━━━ Material provided

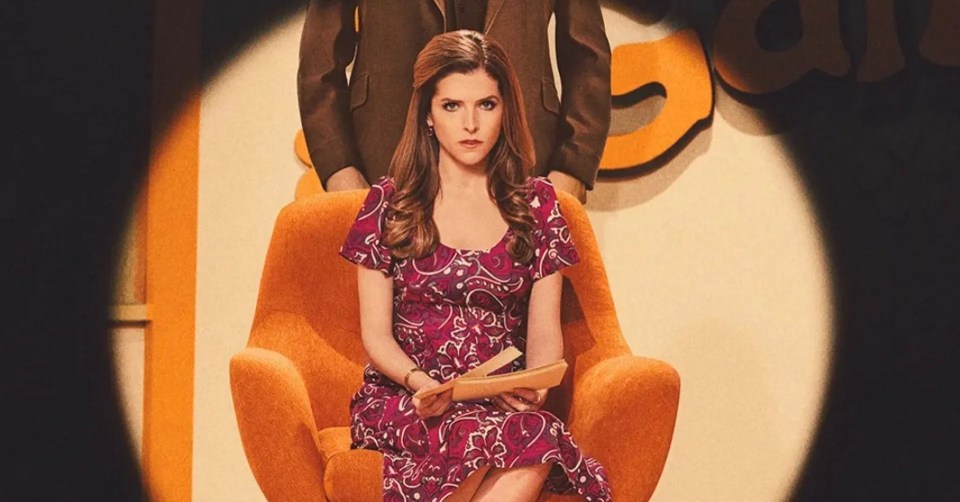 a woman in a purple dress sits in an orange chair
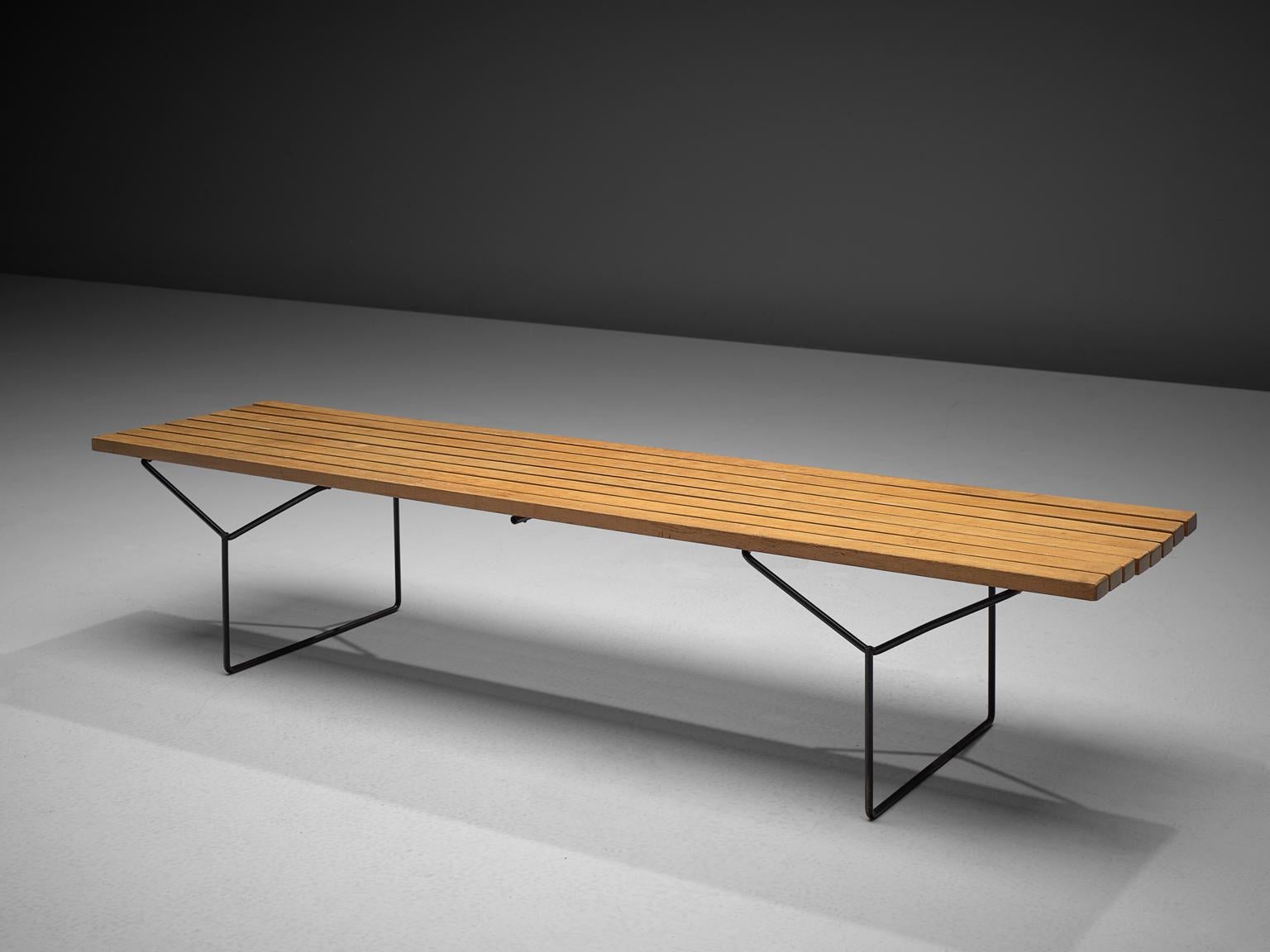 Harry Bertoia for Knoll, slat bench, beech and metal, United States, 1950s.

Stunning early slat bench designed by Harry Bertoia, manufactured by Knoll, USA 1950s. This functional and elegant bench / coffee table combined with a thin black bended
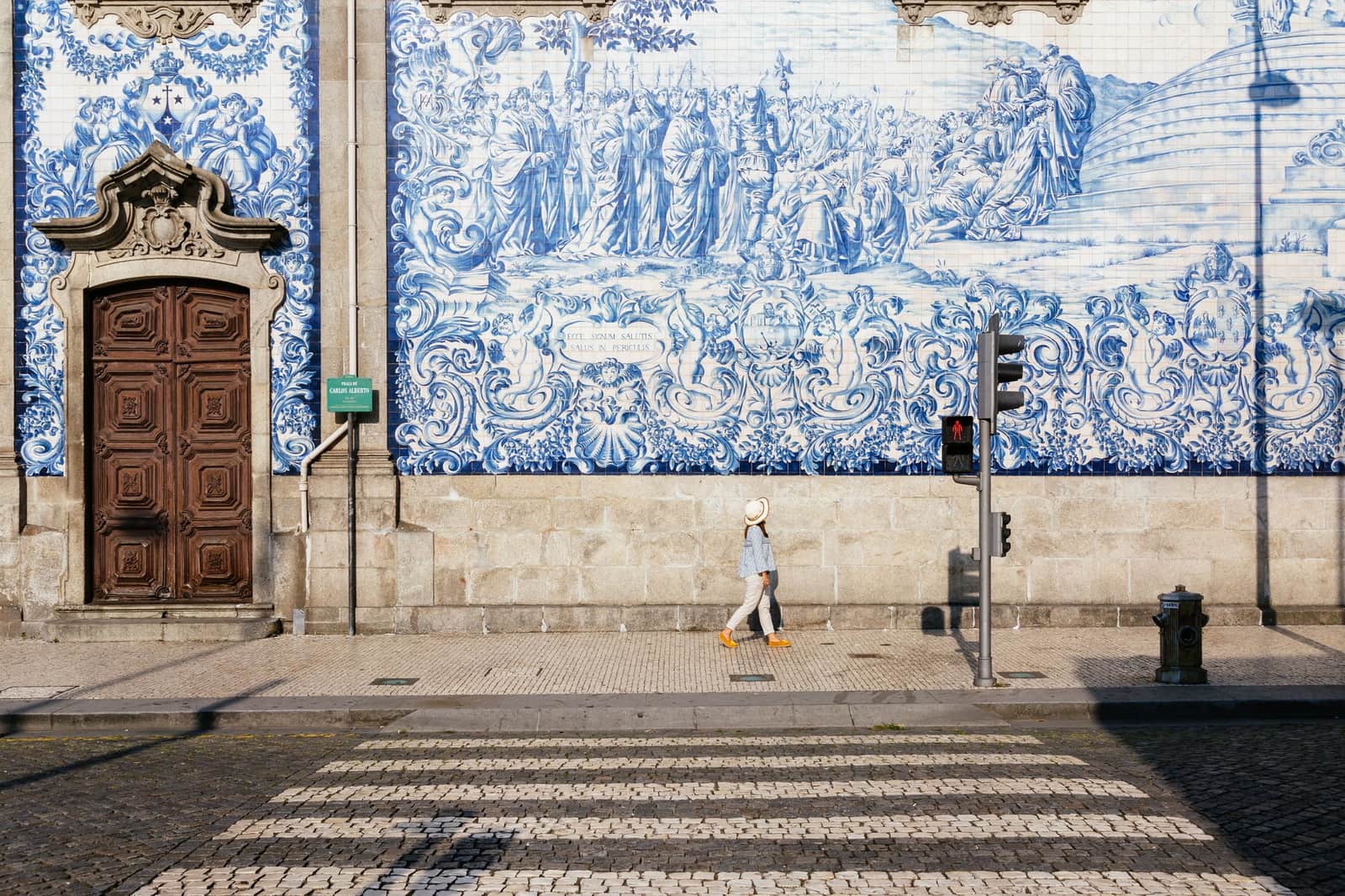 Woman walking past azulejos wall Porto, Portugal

━━━━━━

_What is needed_:
Could you write out every line above exactly as it stands, with no images?

_Problem solution_:
 a woman in a purple dress sits in an orange chair
 Harry Bertoia for Knoll, slat bench, beech and metal, United States, 1950s.

Stunning early slat bench designed by Harry Bertoia, manufactured by Knoll, USA 1950s. This functional and elegant bench / coffee table combined with a thin black bended
 Woman walking past azulejos wall Porto, Portugal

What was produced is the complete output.